◆ Work instructions ◆
Please restate the data word for word.

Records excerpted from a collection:
- Opening Delimiter -

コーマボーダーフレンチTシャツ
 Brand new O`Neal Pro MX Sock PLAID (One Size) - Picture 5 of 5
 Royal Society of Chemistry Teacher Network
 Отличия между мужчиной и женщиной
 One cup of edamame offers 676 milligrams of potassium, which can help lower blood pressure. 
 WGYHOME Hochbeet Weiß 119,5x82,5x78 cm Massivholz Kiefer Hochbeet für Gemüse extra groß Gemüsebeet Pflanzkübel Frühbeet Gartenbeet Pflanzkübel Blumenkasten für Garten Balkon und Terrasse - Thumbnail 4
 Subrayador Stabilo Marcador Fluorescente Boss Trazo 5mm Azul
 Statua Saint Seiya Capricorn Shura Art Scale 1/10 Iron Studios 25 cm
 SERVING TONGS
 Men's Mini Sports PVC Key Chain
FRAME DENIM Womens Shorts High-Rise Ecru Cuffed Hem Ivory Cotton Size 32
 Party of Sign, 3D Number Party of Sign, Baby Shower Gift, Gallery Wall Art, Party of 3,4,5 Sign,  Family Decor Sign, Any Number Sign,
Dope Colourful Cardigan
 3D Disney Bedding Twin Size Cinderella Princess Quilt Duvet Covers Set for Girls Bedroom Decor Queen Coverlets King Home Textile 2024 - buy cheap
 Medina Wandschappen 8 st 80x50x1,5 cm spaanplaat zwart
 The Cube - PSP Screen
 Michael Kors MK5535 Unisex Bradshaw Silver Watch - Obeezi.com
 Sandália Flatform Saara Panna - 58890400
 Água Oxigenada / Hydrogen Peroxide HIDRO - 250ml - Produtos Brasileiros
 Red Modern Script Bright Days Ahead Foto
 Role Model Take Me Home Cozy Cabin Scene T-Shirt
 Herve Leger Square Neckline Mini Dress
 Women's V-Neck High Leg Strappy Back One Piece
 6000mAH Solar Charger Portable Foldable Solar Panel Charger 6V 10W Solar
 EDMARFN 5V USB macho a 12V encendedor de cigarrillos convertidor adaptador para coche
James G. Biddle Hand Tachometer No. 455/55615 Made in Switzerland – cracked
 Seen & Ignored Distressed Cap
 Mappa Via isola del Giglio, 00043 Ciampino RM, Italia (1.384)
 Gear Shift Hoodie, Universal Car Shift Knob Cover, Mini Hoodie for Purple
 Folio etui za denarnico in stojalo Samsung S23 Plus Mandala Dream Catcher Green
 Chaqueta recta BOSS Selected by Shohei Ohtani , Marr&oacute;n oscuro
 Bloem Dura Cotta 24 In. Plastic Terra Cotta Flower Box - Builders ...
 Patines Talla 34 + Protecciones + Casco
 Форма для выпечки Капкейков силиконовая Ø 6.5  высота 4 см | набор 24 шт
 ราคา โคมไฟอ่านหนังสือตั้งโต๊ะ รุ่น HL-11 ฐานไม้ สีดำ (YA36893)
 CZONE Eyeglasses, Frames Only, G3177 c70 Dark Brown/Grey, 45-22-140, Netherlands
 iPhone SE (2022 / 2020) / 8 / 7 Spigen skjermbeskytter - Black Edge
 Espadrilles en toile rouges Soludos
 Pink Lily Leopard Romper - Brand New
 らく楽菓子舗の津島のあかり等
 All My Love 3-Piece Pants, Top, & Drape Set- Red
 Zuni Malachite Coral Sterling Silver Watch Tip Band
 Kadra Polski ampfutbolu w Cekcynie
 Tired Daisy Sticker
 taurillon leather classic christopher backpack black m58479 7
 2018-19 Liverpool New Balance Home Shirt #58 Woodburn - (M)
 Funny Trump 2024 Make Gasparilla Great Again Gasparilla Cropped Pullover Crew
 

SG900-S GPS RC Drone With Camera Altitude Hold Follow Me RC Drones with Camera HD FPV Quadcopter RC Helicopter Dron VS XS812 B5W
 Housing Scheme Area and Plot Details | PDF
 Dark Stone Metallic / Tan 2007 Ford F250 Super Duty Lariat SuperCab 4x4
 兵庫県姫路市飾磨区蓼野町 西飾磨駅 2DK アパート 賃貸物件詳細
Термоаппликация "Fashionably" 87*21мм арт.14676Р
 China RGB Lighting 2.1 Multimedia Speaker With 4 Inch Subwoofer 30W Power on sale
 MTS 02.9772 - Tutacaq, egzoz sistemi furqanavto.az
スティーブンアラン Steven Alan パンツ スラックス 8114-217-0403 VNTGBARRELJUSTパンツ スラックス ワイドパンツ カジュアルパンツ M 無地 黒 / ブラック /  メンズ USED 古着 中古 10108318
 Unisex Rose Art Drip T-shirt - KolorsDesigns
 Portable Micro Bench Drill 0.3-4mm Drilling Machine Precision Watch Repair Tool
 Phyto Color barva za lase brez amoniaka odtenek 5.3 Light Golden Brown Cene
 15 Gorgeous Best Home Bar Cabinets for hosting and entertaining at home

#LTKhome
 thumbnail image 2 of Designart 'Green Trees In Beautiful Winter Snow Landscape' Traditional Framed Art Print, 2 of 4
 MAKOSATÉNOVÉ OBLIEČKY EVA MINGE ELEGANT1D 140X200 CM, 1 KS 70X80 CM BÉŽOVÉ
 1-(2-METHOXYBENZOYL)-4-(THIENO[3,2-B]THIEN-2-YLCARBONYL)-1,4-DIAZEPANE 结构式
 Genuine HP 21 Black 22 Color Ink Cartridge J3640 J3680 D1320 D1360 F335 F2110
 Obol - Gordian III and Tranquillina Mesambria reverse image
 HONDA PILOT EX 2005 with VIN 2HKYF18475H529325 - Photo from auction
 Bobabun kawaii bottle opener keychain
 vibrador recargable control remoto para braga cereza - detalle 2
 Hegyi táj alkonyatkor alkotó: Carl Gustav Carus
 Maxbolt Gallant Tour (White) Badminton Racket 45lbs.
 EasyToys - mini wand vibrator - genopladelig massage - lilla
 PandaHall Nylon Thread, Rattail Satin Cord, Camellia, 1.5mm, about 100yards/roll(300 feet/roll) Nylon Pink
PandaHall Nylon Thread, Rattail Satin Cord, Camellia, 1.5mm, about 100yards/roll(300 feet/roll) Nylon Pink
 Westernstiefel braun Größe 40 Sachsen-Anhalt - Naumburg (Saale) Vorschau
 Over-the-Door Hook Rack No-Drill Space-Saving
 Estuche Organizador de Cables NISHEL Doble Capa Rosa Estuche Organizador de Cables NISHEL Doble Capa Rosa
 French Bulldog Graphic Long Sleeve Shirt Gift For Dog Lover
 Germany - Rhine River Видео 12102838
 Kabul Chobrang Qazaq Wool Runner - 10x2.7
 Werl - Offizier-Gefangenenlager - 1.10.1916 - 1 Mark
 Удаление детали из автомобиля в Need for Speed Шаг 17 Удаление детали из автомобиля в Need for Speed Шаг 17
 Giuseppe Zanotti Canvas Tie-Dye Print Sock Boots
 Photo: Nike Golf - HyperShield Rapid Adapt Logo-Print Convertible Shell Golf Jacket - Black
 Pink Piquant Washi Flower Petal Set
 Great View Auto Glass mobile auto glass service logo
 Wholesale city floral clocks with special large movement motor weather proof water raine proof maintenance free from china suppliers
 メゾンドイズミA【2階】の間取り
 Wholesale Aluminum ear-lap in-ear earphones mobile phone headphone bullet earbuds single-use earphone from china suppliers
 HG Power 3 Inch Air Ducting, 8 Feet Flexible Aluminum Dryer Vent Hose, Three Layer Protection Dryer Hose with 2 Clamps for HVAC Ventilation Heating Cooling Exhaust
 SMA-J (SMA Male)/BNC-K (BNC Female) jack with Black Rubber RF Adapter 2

- Closing Delimiter -

◆ Task solution ◆
コーマボーダーフレンチTシャツ
 Brand new O`Neal Pro MX Sock PLAID (One Size) - Picture 5 of 5
 Royal Society of Chemistry Teacher Network
 Отличия между мужчиной и женщиной
 One cup of edamame offers 676 milligrams of potassium, which can help lower blood pressure. 
 WGYHOME Hochbeet Weiß 119,5x82,5x78 cm Massivholz Kiefer Hochbeet für Gemüse extra groß Gemüsebeet Pflanzkübel Frühbeet Gartenbeet Pflanzkübel Blumenkasten für Garten Balkon und Terrasse - Thumbnail 4
 Subrayador Stabilo Marcador Fluorescente Boss Trazo 5mm Azul
 Statua Saint Seiya Capricorn Shura Art Scale 1/10 Iron Studios 25 cm
 SERVING TONGS
 Men's Mini Sports PVC Key Chain
FRAME DENIM Womens Shorts High-Rise Ecru Cuffed Hem Ivory Cotton Size 32
 Party of Sign, 3D Number Party of Sign, Baby Shower Gift, Gallery Wall Art, Party of 3,4,5 Sign,  Family Decor Sign, Any Number Sign,
Dope Colourful Cardigan
 3D Disney Bedding Twin Size Cinderella Princess Quilt Duvet Covers Set for Girls Bedroom Decor Queen Coverlets King Home Textile 2024 - buy cheap
 Medina Wandschappen 8 st 80x50x1,5 cm spaanplaat zwart
 The Cube - PSP Screen
 Michael Kors MK5535 Unisex Bradshaw Silver Watch - Obeezi.com
 Sandália Flatform Saara Panna - 58890400
 Água Oxigenada / Hydrogen Peroxide HIDRO - 250ml - Produtos Brasileiros
 Red Modern Script Bright Days Ahead Foto
 Role Model Take Me Home Cozy Cabin Scene T-Shirt
 Herve Leger Square Neckline Mini Dress
 Women's V-Neck High Leg Strappy Back One Piece
 6000mAH Solar Charger Portable Foldable Solar Panel Charger 6V 10W Solar
 EDMARFN 5V USB macho a 12V encendedor de cigarrillos convertidor adaptador para coche
James G. Biddle Hand Tachometer No. 455/55615 Made in Switzerland – cracked
 Seen & Ignored Distressed Cap
 Mappa Via isola del Giglio, 00043 Ciampino RM, Italia (1.384)
 Gear Shift Hoodie, Universal Car Shift Knob Cover, Mini Hoodie for Purple
 Folio etui za denarnico in stojalo Samsung S23 Plus Mandala Dream Catcher Green
 Chaqueta recta BOSS Selected by Shohei Ohtani , Marr&oacute;n oscuro
 Bloem Dura Cotta 24 In. Plastic Terra Cotta Flower Box - Builders ...
 Patines Talla 34 + Protecciones + Casco
 Форма для выпечки Капкейков силиконовая Ø 6.5  высота 4 см | набор 24 шт
 ราคา โคมไฟอ่านหนังสือตั้งโต๊ะ รุ่น HL-11 ฐานไม้ สีดำ (YA36893)
 CZONE Eyeglasses, Frames Only, G3177 c70 Dark Brown/Grey, 45-22-140, Netherlands
 iPhone SE (2022 / 2020) / 8 / 7 Spigen skjermbeskytter - Black Edge
 Espadrilles en toile rouges Soludos
 Pink Lily Leopard Romper - Brand New
 らく楽菓子舗の津島のあかり等
 All My Love 3-Piece Pants, Top, & Drape Set- Red
 Zuni Malachite Coral Sterling Silver Watch Tip Band
 Kadra Polski ampfutbolu w Cekcynie
 Tired Daisy Sticker
 taurillon leather classic christopher backpack black m58479 7
 2018-19 Liverpool New Balance Home Shirt #58 Woodburn - (M)
 Funny Trump 2024 Make Gasparilla Great Again Gasparilla Cropped Pullover Crew
 

SG900-S GPS RC Drone With Camera Altitude Hold Follow Me RC Drones with Camera HD FPV Quadcopter RC Helicopter Dron VS XS812 B5W
 Housing Scheme Area and Plot Details | PDF
 Dark Stone Metallic / Tan 2007 Ford F250 Super Duty Lariat SuperCab 4x4
 兵庫県姫路市飾磨区蓼野町 西飾磨駅 2DK アパート 賃貸物件詳細
Термоаппликация "Fashionably" 87*21мм арт.14676Р
 China RGB Lighting 2.1 Multimedia Speaker With 4 Inch Subwoofer 30W Power on sale
 MTS 02.9772 - Tutacaq, egzoz sistemi furqanavto.az
スティーブンアラン Steven Alan パンツ スラックス 8114-217-0403 VNTGBARRELJUSTパンツ スラックス ワイドパンツ カジュアルパンツ M 無地 黒 / ブラック /  メンズ USED 古着 中古 10108318
 Unisex Rose Art Drip T-shirt - KolorsDesigns
 Portable Micro Bench Drill 0.3-4mm Drilling Machine Precision Watch Repair Tool
 Phyto Color barva za lase brez amoniaka odtenek 5.3 Light Golden Brown Cene
 15 Gorgeous Best Home Bar Cabinets for hosting and entertaining at home

#LTKhome
 thumbnail image 2 of Designart 'Green Trees In Beautiful Winter Snow Landscape' Traditional Framed Art Print, 2 of 4
 MAKOSATÉNOVÉ OBLIEČKY EVA MINGE ELEGANT1D 140X200 CM, 1 KS 70X80 CM BÉŽOVÉ
 1-(2-METHOXYBENZOYL)-4-(THIENO[3,2-B]THIEN-2-YLCARBONYL)-1,4-DIAZEPANE 结构式
 Genuine HP 21 Black 22 Color Ink Cartridge J3640 J3680 D1320 D1360 F335 F2110
 Obol - Gordian III and Tranquillina Mesambria reverse image
 HONDA PILOT EX 2005 with VIN 2HKYF18475H529325 - Photo from auction
 Bobabun kawaii bottle opener keychain
 vibrador recargable control remoto para braga cereza - detalle 2
 Hegyi táj alkonyatkor alkotó: Carl Gustav Carus
 Maxbolt Gallant Tour (White) Badminton Racket 45lbs.
 EasyToys - mini wand vibrator - genopladelig massage - lilla
 PandaHall Nylon Thread, Rattail Satin Cord, Camellia, 1.5mm, about 100yards/roll(300 feet/roll) Nylon Pink
PandaHall Nylon Thread, Rattail Satin Cord, Camellia, 1.5mm, about 100yards/roll(300 feet/roll) Nylon Pink
 Westernstiefel braun Größe 40 Sachsen-Anhalt - Naumburg (Saale) Vorschau
 Over-the-Door Hook Rack No-Drill Space-Saving
 Estuche Organizador de Cables NISHEL Doble Capa Rosa Estuche Organizador de Cables NISHEL Doble Capa Rosa
 French Bulldog Graphic Long Sleeve Shirt Gift For Dog Lover
 Germany - Rhine River Видео 12102838
 Kabul Chobrang Qazaq Wool Runner - 10x2.7
 Werl - Offizier-Gefangenenlager - 1.10.1916 - 1 Mark
 Удаление детали из автомобиля в Need for Speed Шаг 17 Удаление детали из автомобиля в Need for Speed Шаг 17
 Giuseppe Zanotti Canvas Tie-Dye Print Sock Boots
 Photo: Nike Golf - HyperShield Rapid Adapt Logo-Print Convertible Shell Golf Jacket - Black
 Pink Piquant Washi Flower Petal Set
 Great View Auto Glass mobile auto glass service logo
 Wholesale city floral clocks with special large movement motor weather proof water raine proof maintenance free from china suppliers
 メゾンドイズミA【2階】の間取り
 Wholesale Aluminum ear-lap in-ear earphones mobile phone headphone bullet earbuds single-use earphone from china suppliers
 HG Power 3 Inch Air Ducting, 8 Feet Flexible Aluminum Dryer Vent Hose, Three Layer Protection Dryer Hose with 2 Clamps for HVAC Ventilation Heating Cooling Exhaust
 SMA-J (SMA Male)/BNC-K (BNC Female) jack with Black Rubber RF Adapter 2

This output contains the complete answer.